AIM OF THE TASK |
From the entries below, write out exactly the lines between the line holding "Unicorn handbag pastel pink" and the line holding "Burberry Knight Reversible", inclusive, excluding any pictures.

RECORDS FOR THIS EXERCISE |
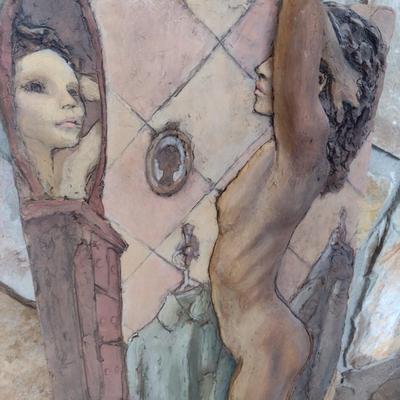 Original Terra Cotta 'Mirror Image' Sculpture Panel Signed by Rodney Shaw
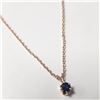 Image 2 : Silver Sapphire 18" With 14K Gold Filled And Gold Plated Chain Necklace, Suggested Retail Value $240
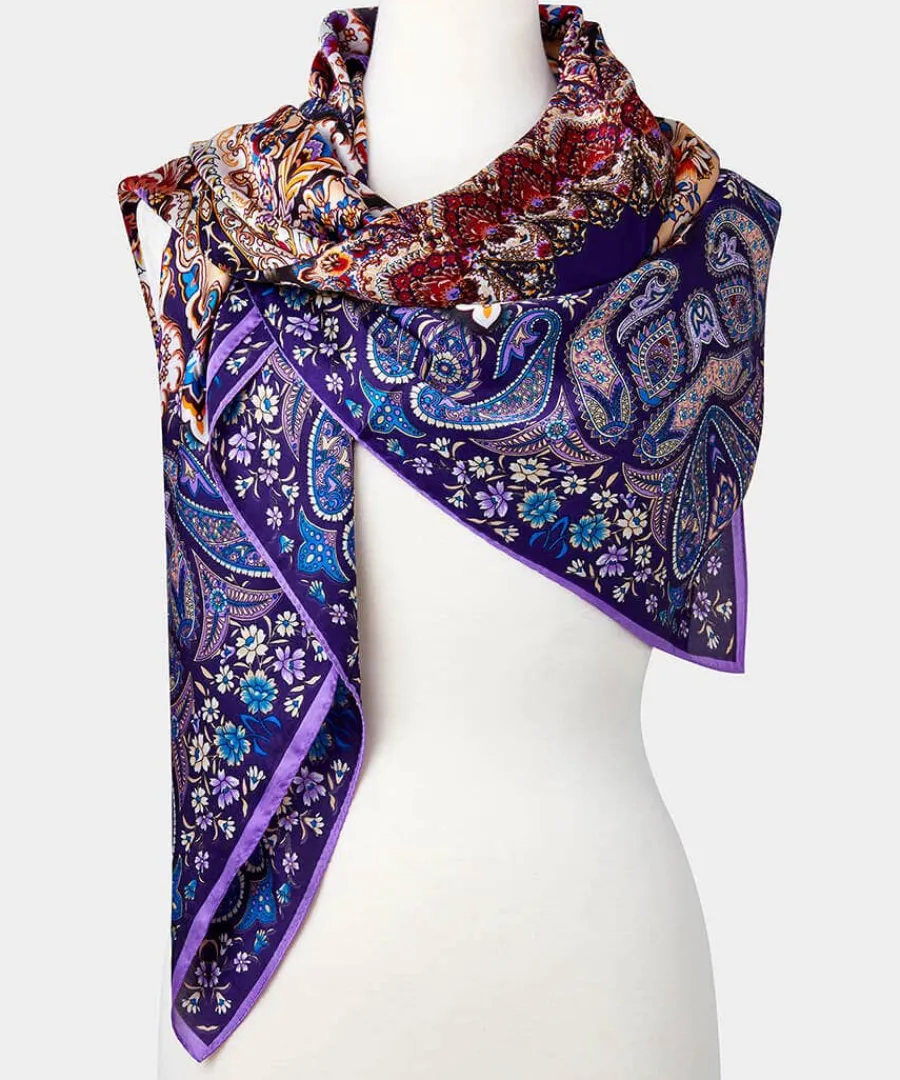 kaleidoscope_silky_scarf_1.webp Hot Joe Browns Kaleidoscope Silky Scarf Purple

...

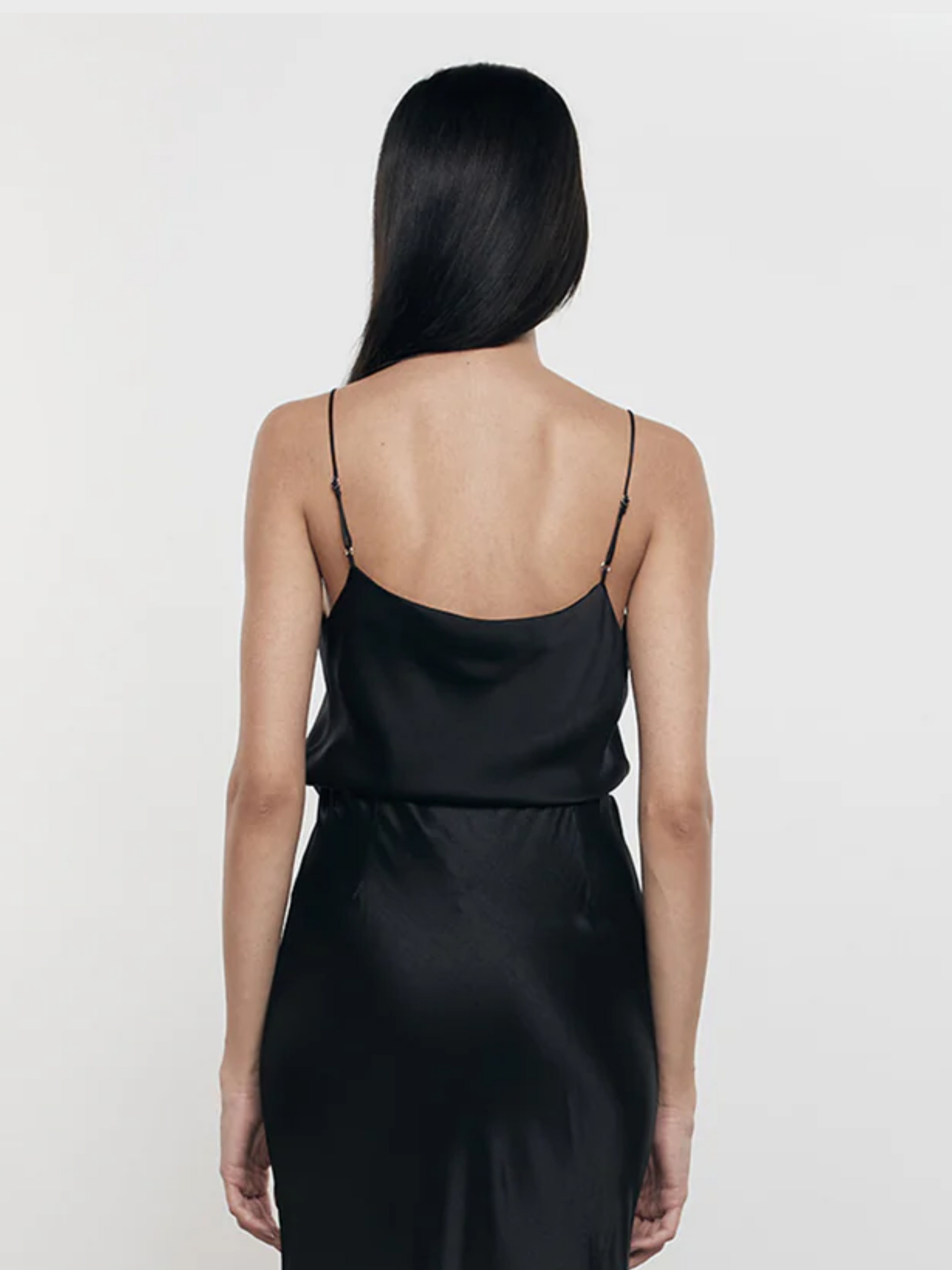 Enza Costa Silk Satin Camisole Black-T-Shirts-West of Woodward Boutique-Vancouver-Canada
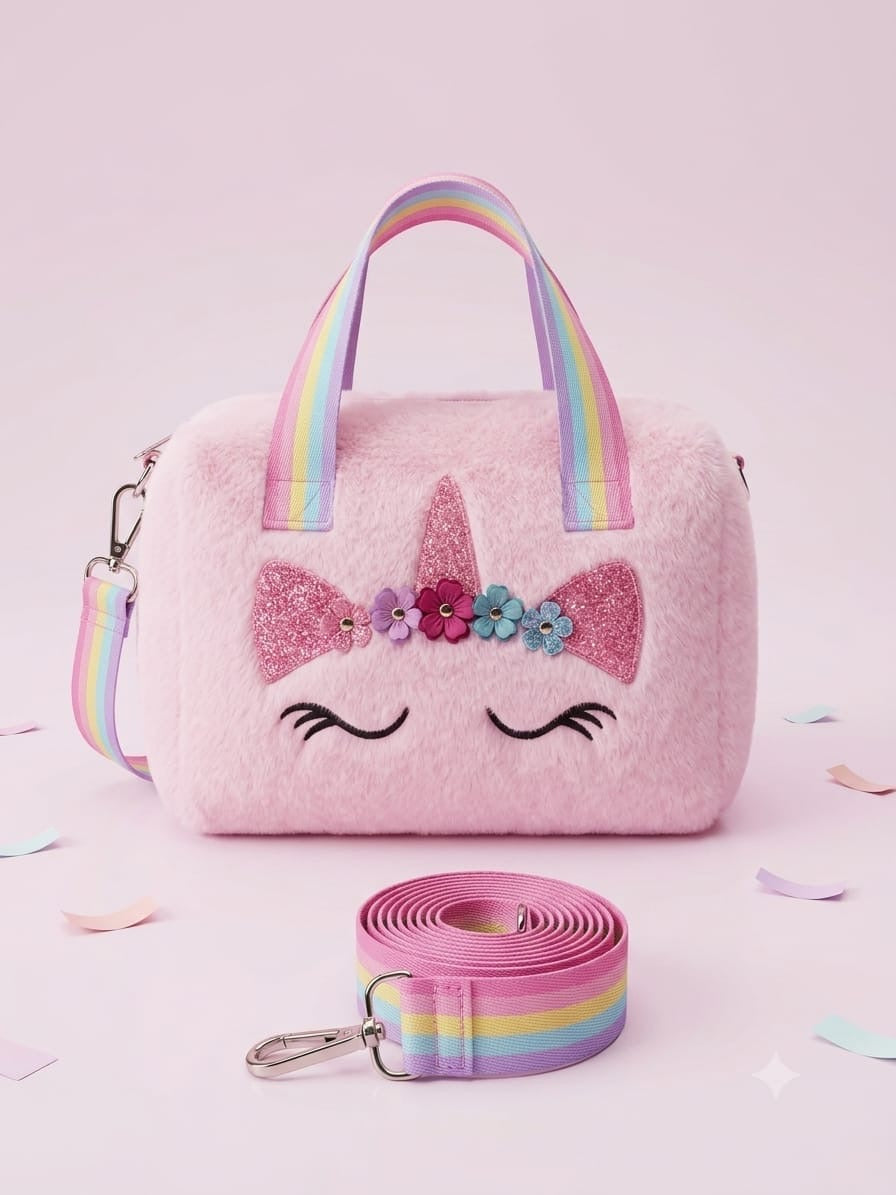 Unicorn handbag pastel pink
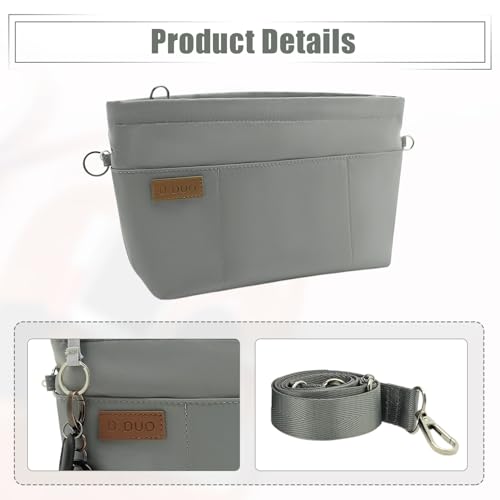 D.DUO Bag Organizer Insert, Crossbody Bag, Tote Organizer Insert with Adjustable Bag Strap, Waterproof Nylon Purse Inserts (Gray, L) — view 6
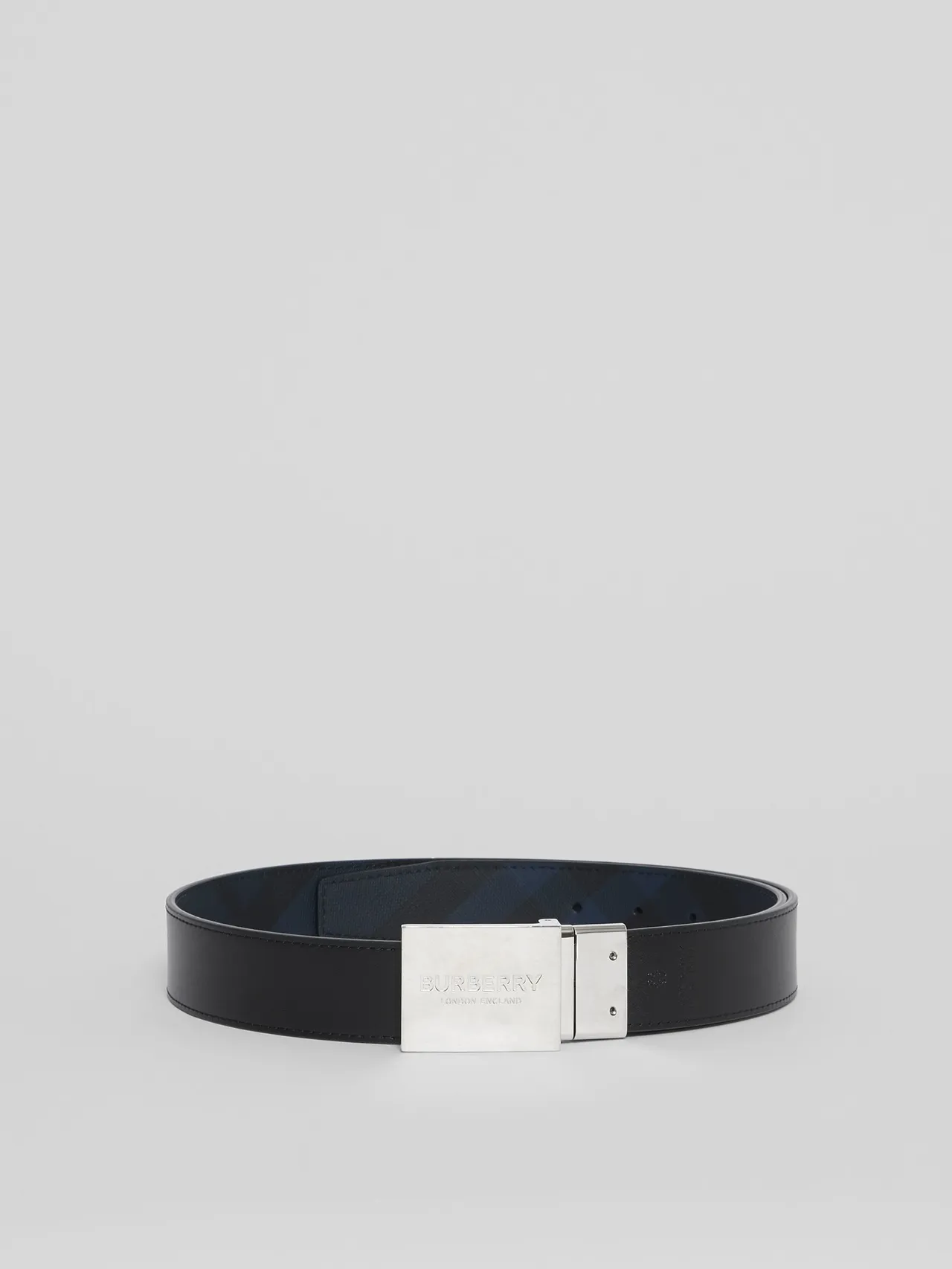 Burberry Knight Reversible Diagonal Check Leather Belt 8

--

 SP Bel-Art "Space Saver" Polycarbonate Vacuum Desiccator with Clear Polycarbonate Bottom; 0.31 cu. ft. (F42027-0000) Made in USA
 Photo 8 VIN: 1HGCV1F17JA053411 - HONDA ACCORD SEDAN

RESPONSE BELOW |
 Unicorn handbag pastel pink
 D.DUO Bag Organizer Insert, Crossbody Bag, Tote Organizer Insert with Adjustable Bag Strap, Waterproof Nylon Purse Inserts (Gray, L) — view 6
 Burberry Knight Reversible Diagonal Check Leather Belt 8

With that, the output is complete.